__The records__
+++++
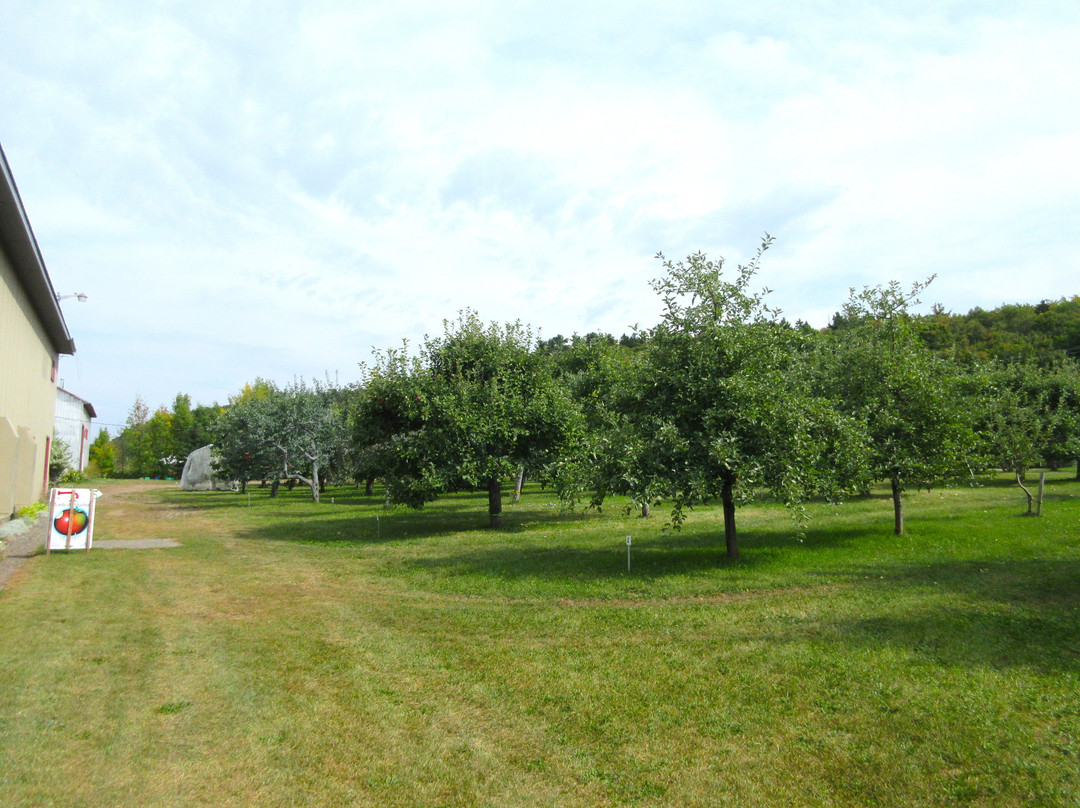 Les Vergers Du Cap-Cap-Saint-Ignace必去景点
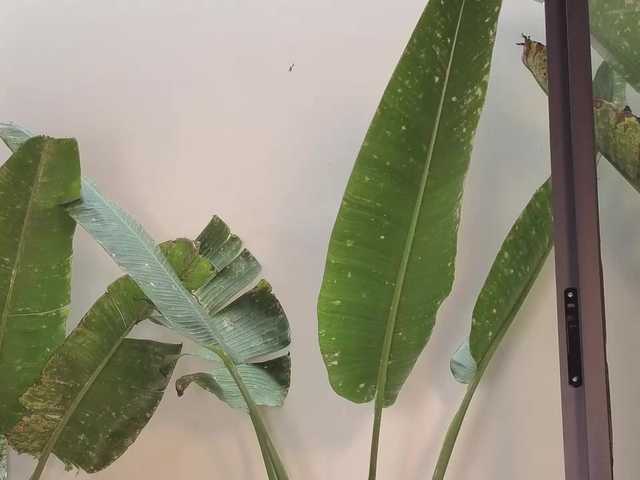 came-a-lot's BongaCams show and profile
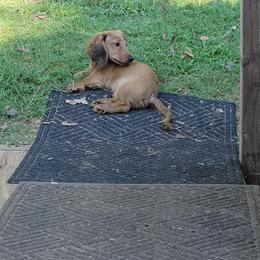 Dachshund Puppies from CLARK'S BREEDING PROGRAM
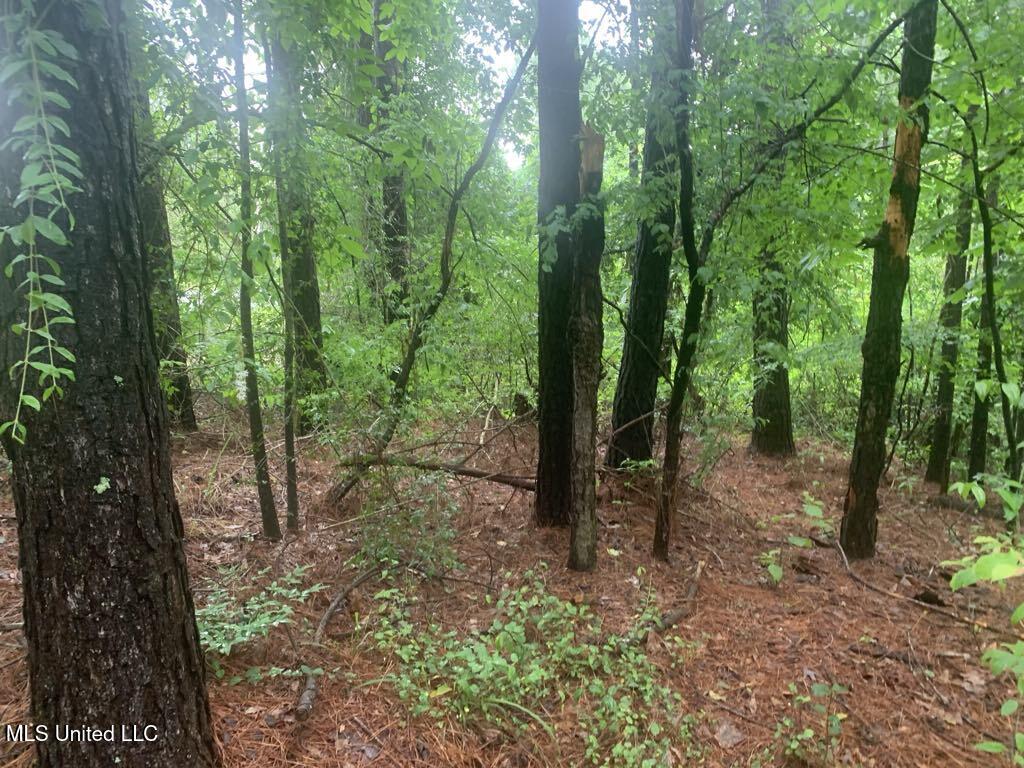 1063 Dry Creek Road Magee, MS 39111 - Photo 4 of 15 6eeb8d4b-44d3-4c9c-a32e-9c7353bca758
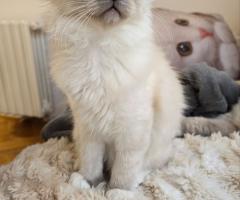 Бирманска свещена котка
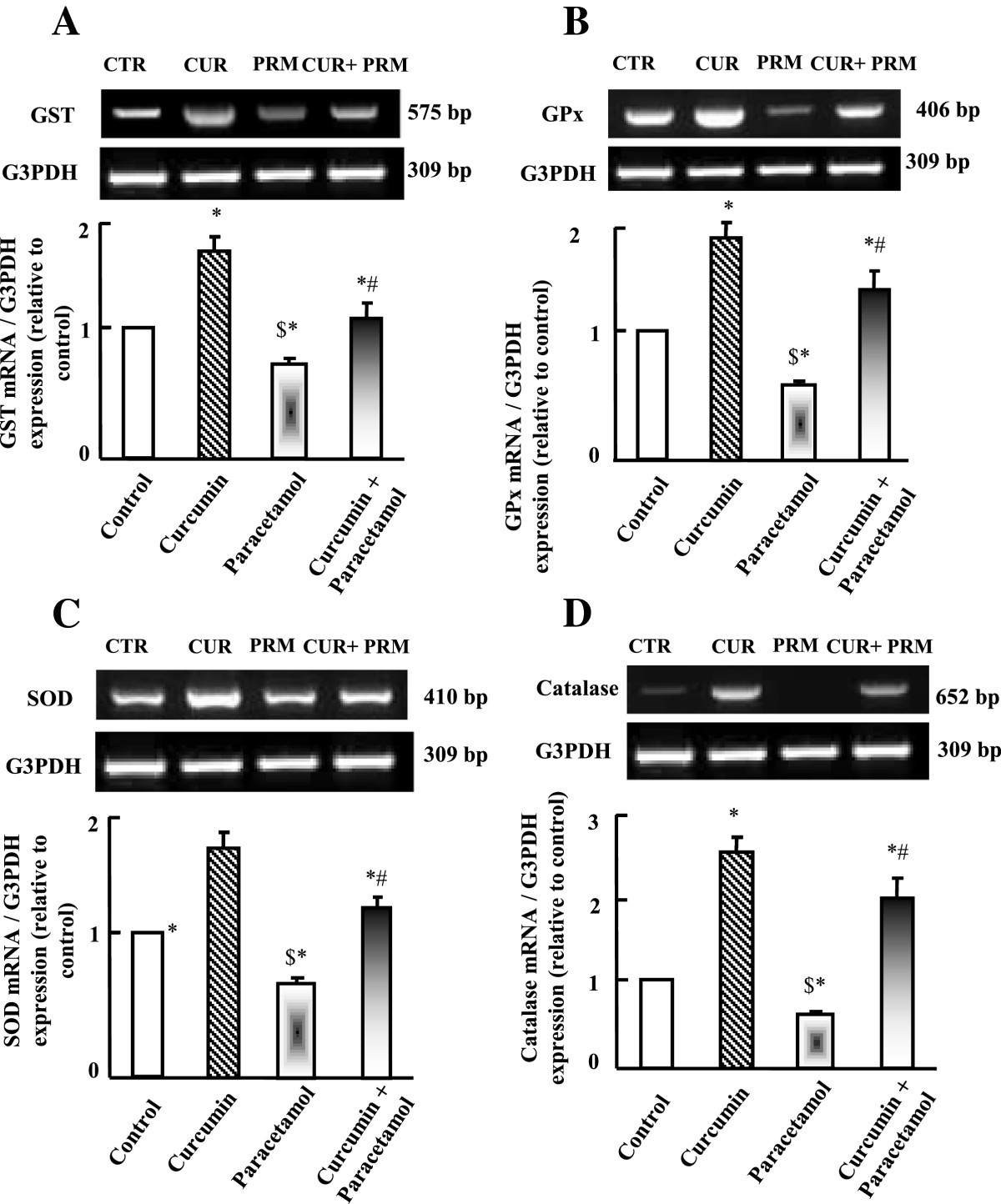 paracetamol for rats on molecular protective and study Immunohistochemical the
+++++
__Exercise details__
From the line containing "Dachshund Puppies from" through the end of the entries, quote each line exactly and nothing else, excluding all pictures.

__Solution for this task__
 Dachshund Puppies from CLARK'S BREEDING PROGRAM
 1063 Dry Creek Road Magee, MS 39111 - Photo 4 of 15 6eeb8d4b-44d3-4c9c-a32e-9c7353bca758
 Бирманска свещена котка
 paracetamol for rats on molecular protective and study Immunohistochemical the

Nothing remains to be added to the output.